At the time of the Liang Bua discovery, Morwood and a member of the team, the paleontologist Peter Brown, were on the faculty at the University of New England, in Armidale, Australia. Morwood had since moved to the University of Wollongong, on the coast south of Sydney, as a professor at the School of Earth and Environmental Studies.

His friends said that in recent years Morwood had continued research on H. floresiensis, searching for more remains at other caves on Flores and nearby islands, hoping especially to find a second skull to establish that the first one had not been a deviant specimen.

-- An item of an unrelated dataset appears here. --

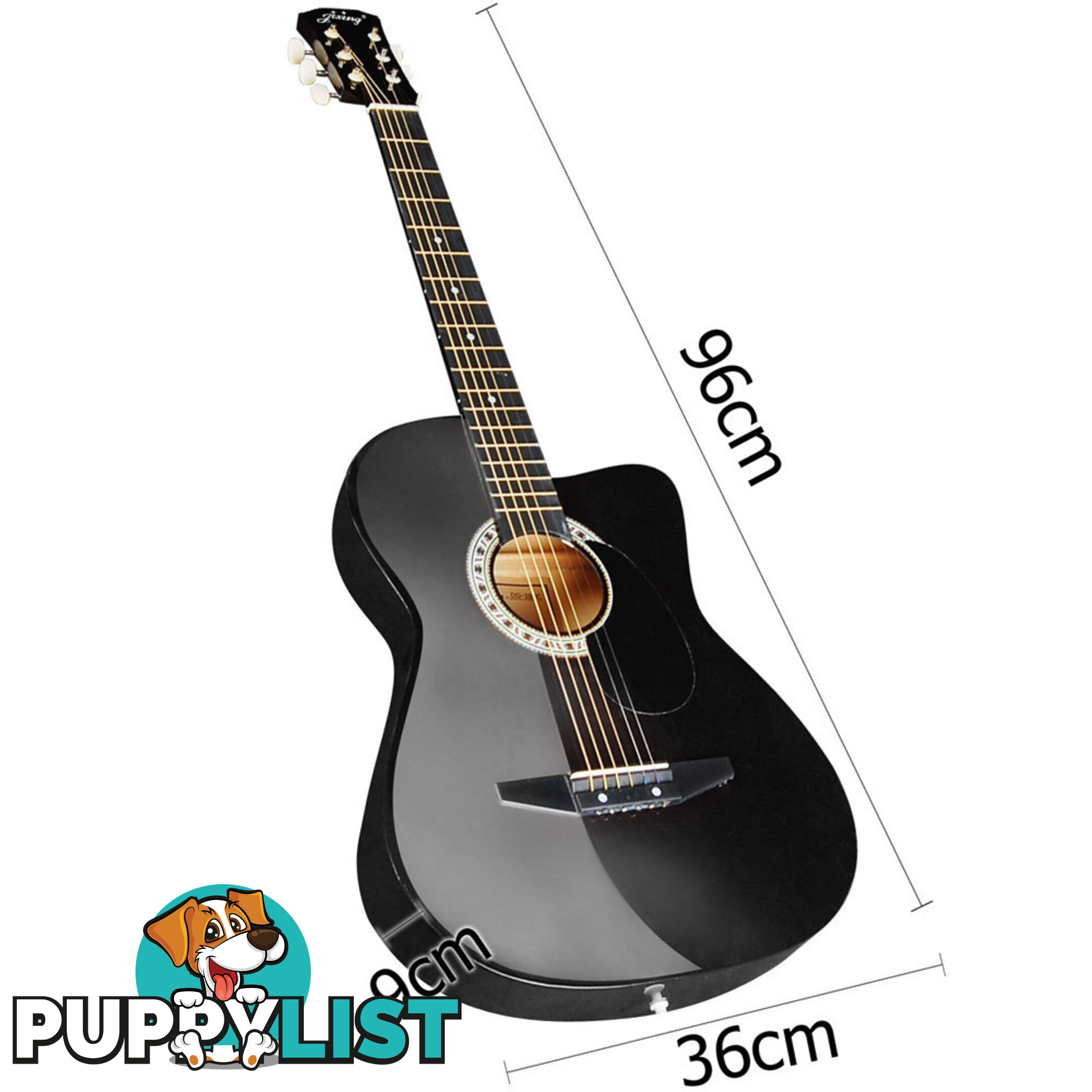 Acoustic Cutaway Guitar Black w/ Steel String Stand Strap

The day before he died, a former colleague recalled, Morwood was talking of plans for further research.

“Mike’s love and passion for his science was inspiring and contagious,” said William Jungers of Stony Brook University in New York, an anatomist who had examined the hobbit skeleton in detail. “He literally changed the face of Southeast Asian paleo-anthropology for the better.”

An Australian author and journalist, Ashley Hay, wrote in 2008 that Morwood had “a touch of Indiana Jones about him.” The image of the movie adventurer was fortified by the vigor and enthusiasm of his explorations in rugged country and his partiality for his own battered floppy hat.

His survivors include his wife, Francelina; a daughter, Catherine; and two grandchildren.

Early life and career

Michael John Morwood was born in Auckland, New Zealand, on Oct. 27, 1950. He earned bachelor’s and master’s degrees in archaeology at the University of Auckland before moving in 1976 to Australia, where he earned a doctorate at Australian National University.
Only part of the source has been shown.